Given data |
=== Begin Enclosure ===

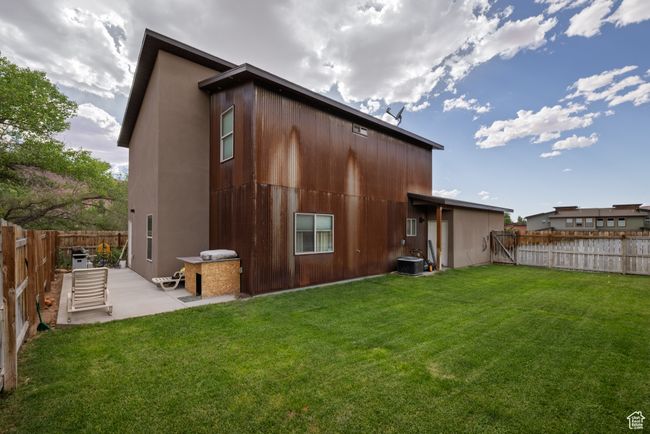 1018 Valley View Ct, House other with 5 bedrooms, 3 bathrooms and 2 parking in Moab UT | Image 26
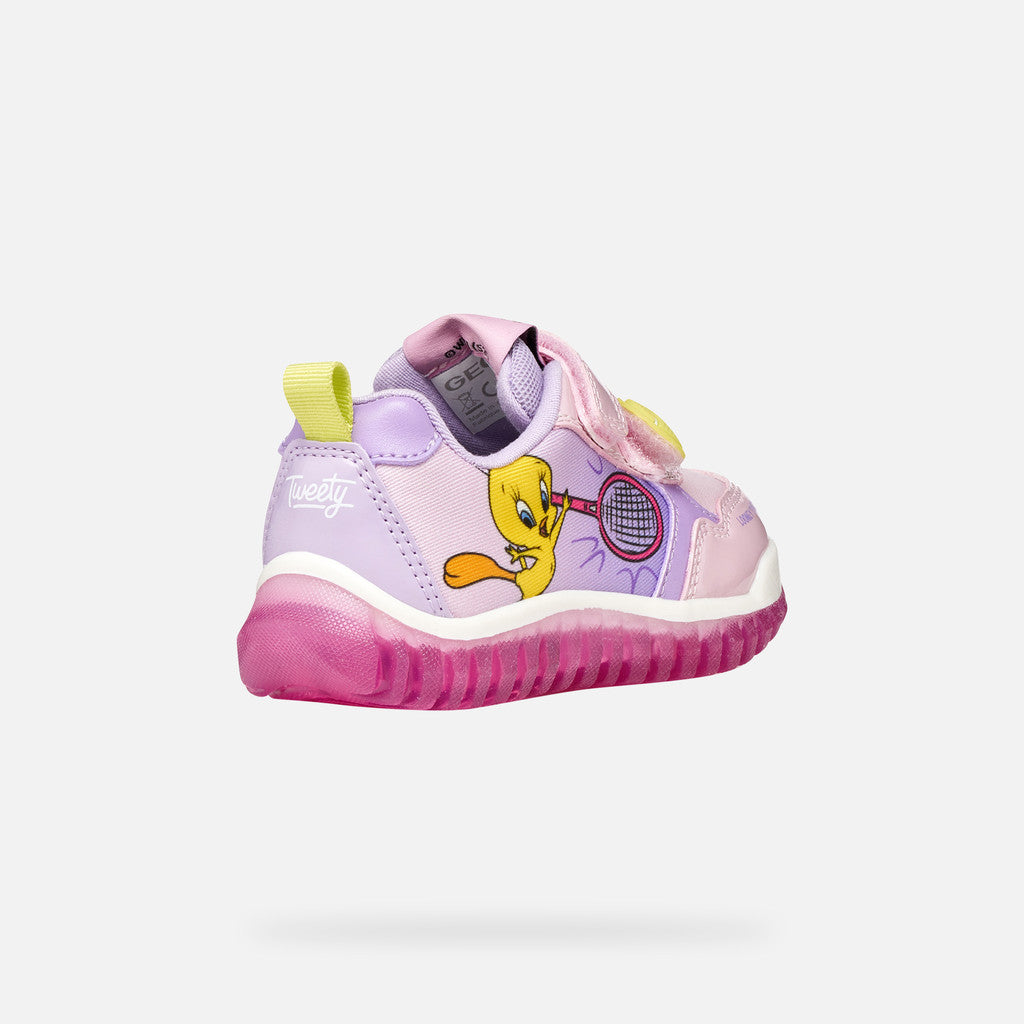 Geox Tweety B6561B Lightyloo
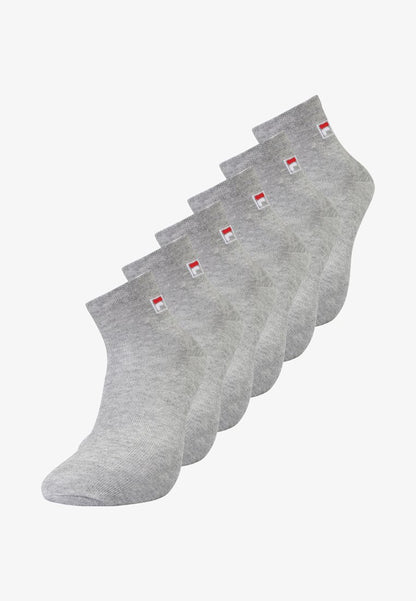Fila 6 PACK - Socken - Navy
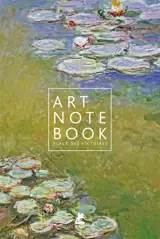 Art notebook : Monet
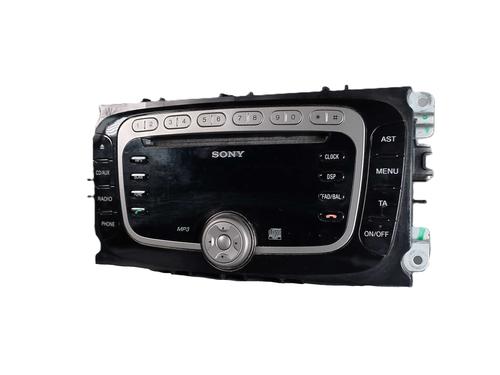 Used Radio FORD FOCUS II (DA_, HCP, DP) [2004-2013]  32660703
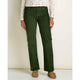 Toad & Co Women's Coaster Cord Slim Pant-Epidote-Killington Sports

=== End Enclosure ===

Write out everything in the data word for word. Omit each picture.

Exercise answer |
 1018 Valley View Ct, House other with 5 bedrooms, 3 bathrooms and 2 parking in Moab UT | Image 26
 Geox Tweety B6561B Lightyloo
Fila 6 PACK - Socken - Navy
 Art notebook : Monet
 Used Radio FORD FOCUS II (DA_, HCP, DP) [2004-2013]  32660703
 Toad & Co Women's Coaster Cord Slim Pant-Epidote-Killington Sports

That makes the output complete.